Like past Mann/Stewart characters Will Lockhart is not your typical machismo cowboy. He’s unsure and remains vulnerable at times, similar to lead characters in Winchester ’73 and The Naked Spur. Mann’s other male characters in this film display signs of stunted masculinity. Papa Alec is overly protective of his uncontrollable son Dave (who reminds me of the John Cassavetes role in the 1958 film Saddle the Wind), struggling to meet the stature of his father and acting more like a spoiled child who cannot get his way than an adult. And then there is Vic the foreman, who has been like the son Alec never had. Vic will come to realize that, no matter what Alec has promised him he will get when he dies, Dave is his blood and will get everything. A sense of tragedy hangs over Alec, who was once the most ruthless and powerful man is now forced to face his own vulnerability; He is going blind and with it goes his strength.

Unlike other Mann westerns I have written about so far this film has two female characters instead of one. First there is Barbara Waggoman (Cathy O’Donnell), Alec’s niece who runs the general store. Barbara has no love for her callous Uncle Alec as she watched him cheat his brother, and her now dead father, out of their shares of land. Like other Mann heroines she is in love, at least in the beginning, with the “bad” guy in the story, in this case Vic. The other main female, and the more important role, is Kate Canady (Aline McMahon), the only rancher not afraid to stand up to the Waggomans’ greed, though she does shares a secret with Lockhart, that she has been in love with old Alec for years. With his oncoming blindness and sense of helplessness she will finally get her man.

The Man from Laramie struck me as one of the more sadistic westerns I have come across, two scenes in particular stand out, first during Lockhart’s first altercation with the Waggoman empire when he and his men are surrounded by Dave and some ranch hands for “stealing” salt from the Waggonmans’ flats. Lockhart was told by Barbara Waggoman he could take the salt claiming nobody cared. Lockhart discovers otherwise when he quickly finds a rope around his waist and is dragged across the flats. Dave then orders Lockhart’s wagons burned and his mules shot. The second scene is even more unsettling. After being wounded by a gunshot to his hand in an earlier shootout with Lockhart, Dave gets his revenge when his boys capture Will. They hold Lockhart down and–with Mann’s camera up close in Lockhart’s face–Dave puts a bullet in Lockhart’s shooting hand. While you do not see the gunshot on screen, the scene is so powerful you wince more than once feeling the pain.

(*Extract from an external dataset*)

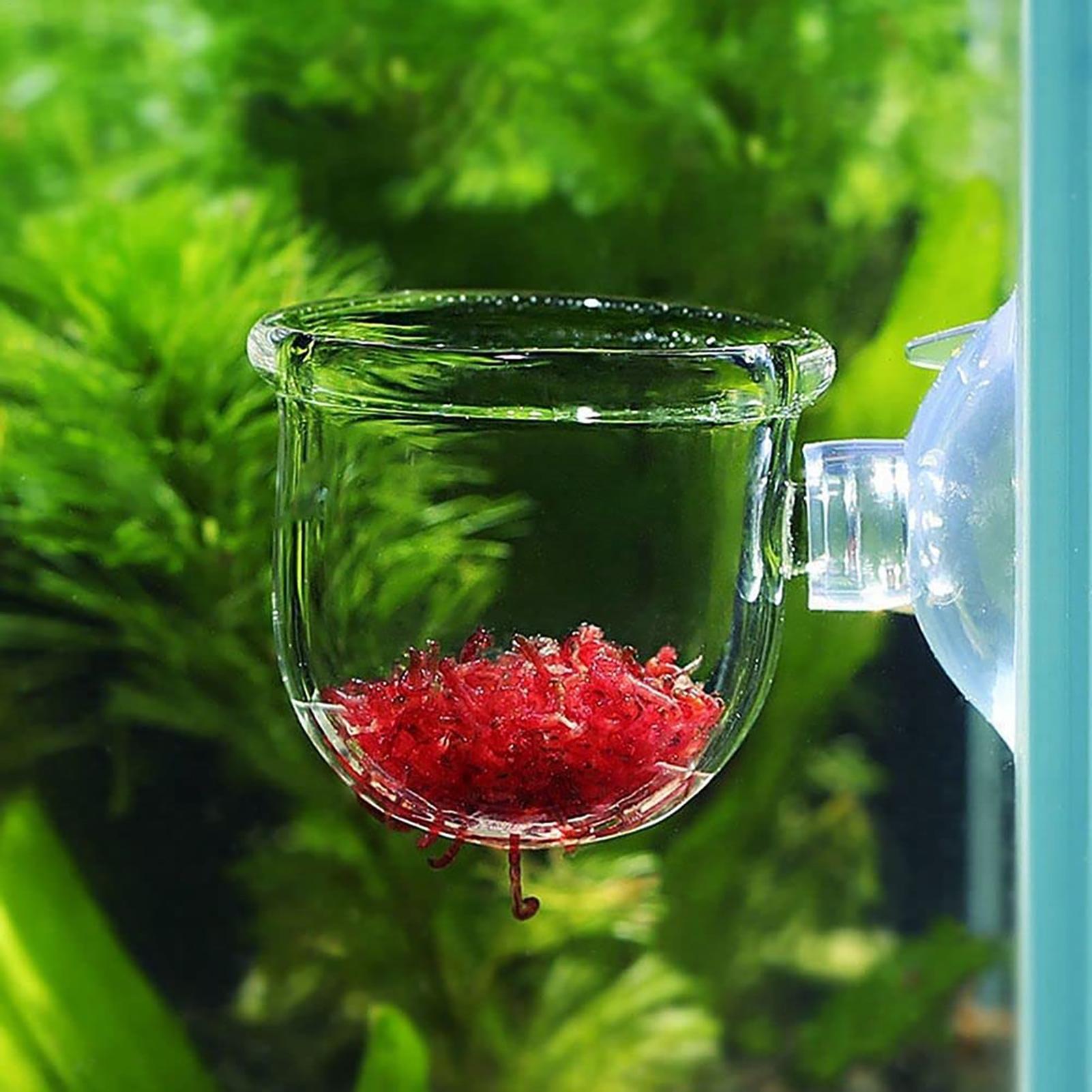 수족관 장식용 식물 화분, 흡착 컵이 달린 아크릴 재질 - Plant Aquarium Pot 리뷰 및 가격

Another interesting aspect of this film are the dreams land Baron Alec Waggoman suffers. He wants Lockhart out of town and is even willing to pay to get him out. We find out the this is due to a fear from a continuous dream Alec has experienced two or three times a week for a long time where a tall, lean stranger is going to come to town and kill his boy. The old man wants Lockhart out. In the end the old man’s dream is deadly to his son as anticipated but only partially correct.

The film is based on a short story by Thomas T. Flynn that originally appeared in the Saturday Evening Post, with a screenplay by Philip Yordan and Frank Burt. One problem I had with the film is the lack of motive given to the son Dave for selling rifles to the Indians. It does not do him or his family any good. In fact it probably was a dangerous move since the Apaches, it is assumed, would use the weapons against them. One other minor thing is that the film’s title is a misnomer. While he came from Laramie with goods that he initially was delivering in the wagons, Lockhart states later in a conversation with Barbara Waggoman that he has no home and is basically a drifter.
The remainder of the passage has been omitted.